Reprinted from May 7, 2016
I’m the lucky one. I have had mothering and mentoring from at least four wonderful women. They mutually excelled one another in the gifts they have given me.
When I read my past post about Mother, I feel as if I have said most of it. I learned to appreciate her particular brand of motherhood many years ago. When I understood her I stopped yearning for the mother I thought I wanted. I saw her as the perfect teacher in my life who gave me all that she had.
And the genetics! It isn’t all living inside my head while life goes around me or struggling with the “Biddle Belly”. Part of that gift is physical stamina and mental acuity. It is brains and sturdiness as well as high cholesterol and blood pressure. It is physical well-being and the ability to multi-task. It is doggedness and determination as well as over-analysis and self-absorption.
Thank you, Oletha, for giving me all the love you were able to give.
My dad’s wife was a huge blessing in my life. I don’t call her my stepmother because she was the real deal.
She was the one who taught me that a mother could be current. She held and discussed strong opinions on everything from sex to Dick Cheney. She never allowed me to hide behind the “daughter” image. She saw me as a woman and called me to stand in the position. Never sentimental, she viewed life pragmatically, owned her own history and expected the same of others.
In my group of mothers, she was the only one who willingly exposed herself as a sensual being. She was a consummate wife – ever attentive to the needs and desire of her husband, my father. And the attentive caregiver to all of the children and grandchildren who landed at her door.
How did she do all of this and remain so totally herself? I don’t know. But it was a wonderful balance to behold. A woman who embraced her traditional roles and yet held herself in high esteem as a person.
Thank you, dear Leelah, for being a true mother to me.
And then there is my husband’s mother. (She asked me not to call her my mother-in-law because of the bad connotations.) When her son and I announced that we were planning to be married within a month, she asked, “Not that it matters, but do you have to?”
We could say, “No,” but it was a fair question since I was still a teenager and my husband was just twenty. And just as easily as that she whined a minute about us getting married in her busiest season at work (Christmas) and then made way for her daughter-in-law.
I can’t think why I haven’t written before about this powerhouse in my life. A true career woman, she still managed to be the matriarch. She hosted (or cooked most of) all holiday meals. She shopped for and presented gifts for birthdays and Christmas as if she were a woman of leisure. And she hosted slumber parties for her grandchildren at which they stayed up late with her in the midst of them – sprawled on the floor watching silly television shows and eating all manner of goodies.

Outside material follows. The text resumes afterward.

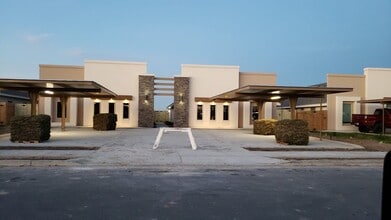 Building Photo - 623 Cathedral Hill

She stood firmly as the protector and defender of our entire family without asking for explanations or rationalizations. We were right! That was all there was to it! And in all my years in her family I never felt outside. She was a lesson in acceptance. If I can be that woman in the lives of my children’s partners, I will give her the credit.
Thank you, Ann, for taking me in and holding me closely through so many years.
And what can I say about my lifelong BFF? I’ve written so much about her role in my life. My mentor, my friend, my hero.
She’s really too young to be my mother but too influential to leave out if I am talking about the women in my life. She was there from the time I was pregnant with my first child, teaching me what to expect and walking through those first years of motherhood by my side.
We shared so much – thoughts, hopes, dreams, fears, resentments and joys. She, too, had her children when she was young. Her little stairsteps were the first “babysitters” of my children. I would pay them to play with the toddlers on the grass while we sat drinking coffee in the back yard.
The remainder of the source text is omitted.